In the last two years, the colonel has suffered only one "laughter casualty" -- and that phrase is not military jargon that he's cooked up to adapt his workshop to Army life.
A laughter casualty is anyone in a laughter workshop who leaves with a bad case of uncontrollable giggles. Perhaps it's the only sort of casualty the Army -- or Wilson's World Laughter Tour -- doesn't regret having to report.
Scott's classes have gone well enough for him to train 15 to 18 Army Reserve officers to bring workshops on a more regular basis to military families in Kansas, Texas, Idaho and Indiana.
The medical world started taking note of the possibilities of therapeutic laughter after Norman Cousins book, "Anatomy of an Illness," came out in 1979. In it, he describes how watching Marx Brothers movies, "Candid Camera" and other comedies helped him fight ankylosing spondylitis, a life-threatening disease of the joints and connective tissue, that left him in excruciating pain with few options for treatment.

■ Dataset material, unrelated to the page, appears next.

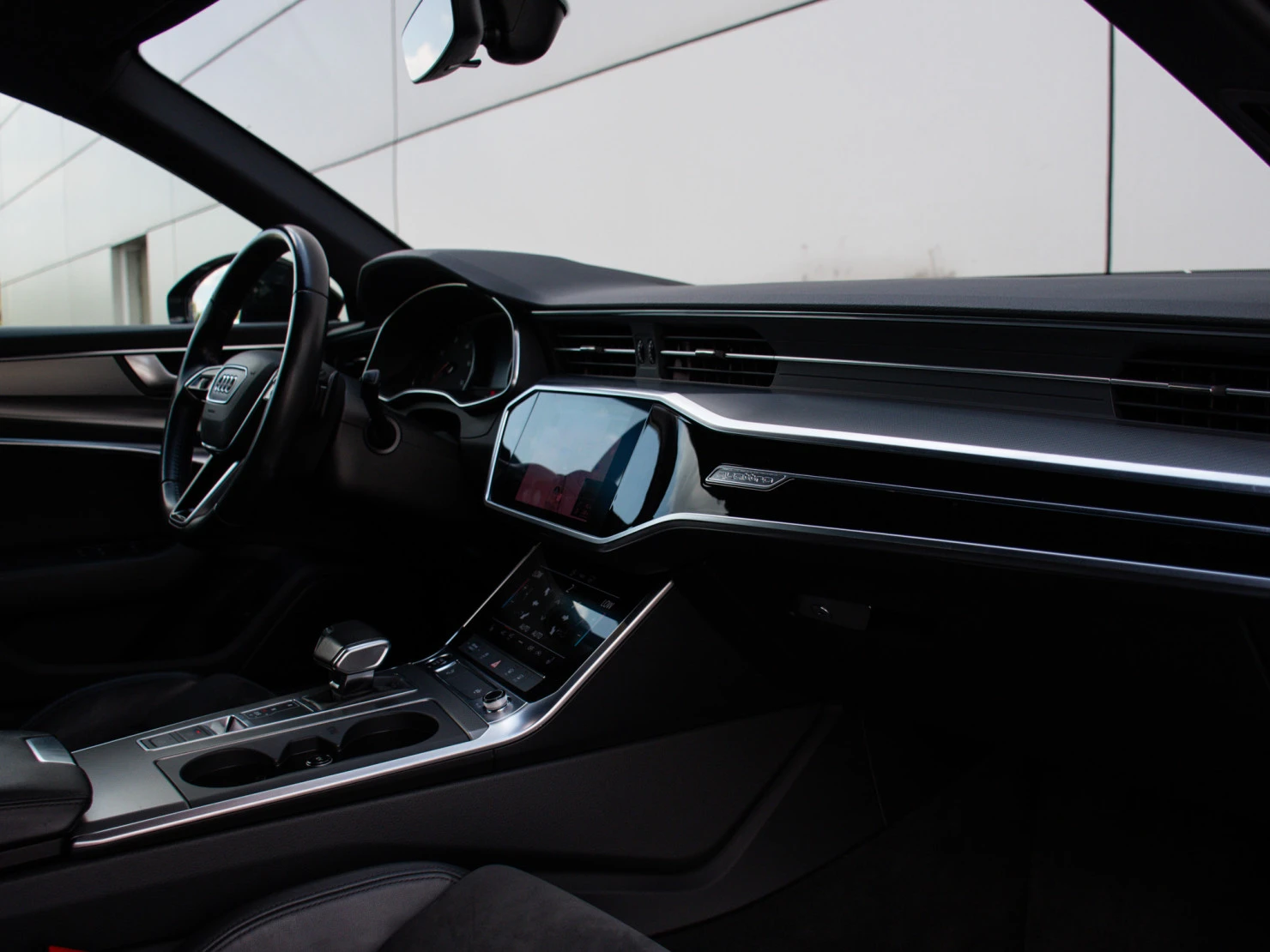 Audi A6, 2020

One of the things Cousins documented was that a 10-minute belly laugh could give him two hours of painless sleep. "What you begin to appreciate is the profound effect that positive emotions can have on the physical body," said Alex Zautra, professor of psychology at Arizona State University.
Zautra recently conducted a long-term study of 124 women with osteoarthritis and related illnesses. While many would assume that patients in good spirits would be better able to deal with pain, Zautra's research, published in the April issue of The Journal of Consulting and Clinical Psychology, suggests the ability to manage and conquer pain can largely be predicted by a patient's frame of mind.
"It's true that some people are naturally happy, and they tend to do better than others," Zautra said. "But even if you factor out different temperaments, it seems that people who are not as jovial can learn to better handle pain if they work toward improving their mood."
Of course, Hollywood has taken the issue to heart. The Robin Williams movie "Patch Adams," highlighted the approach of Dr. Hunter Adams, who made comedy part of his patients' medical treatment, donning a clown nose to help entertain patients.
Through the years, celebrities have a time-honored tradition to make hospital rounds to raise spirits, if only to build their own public image. But entertainment -- especially laughter -- is more and more becoming hospital routine.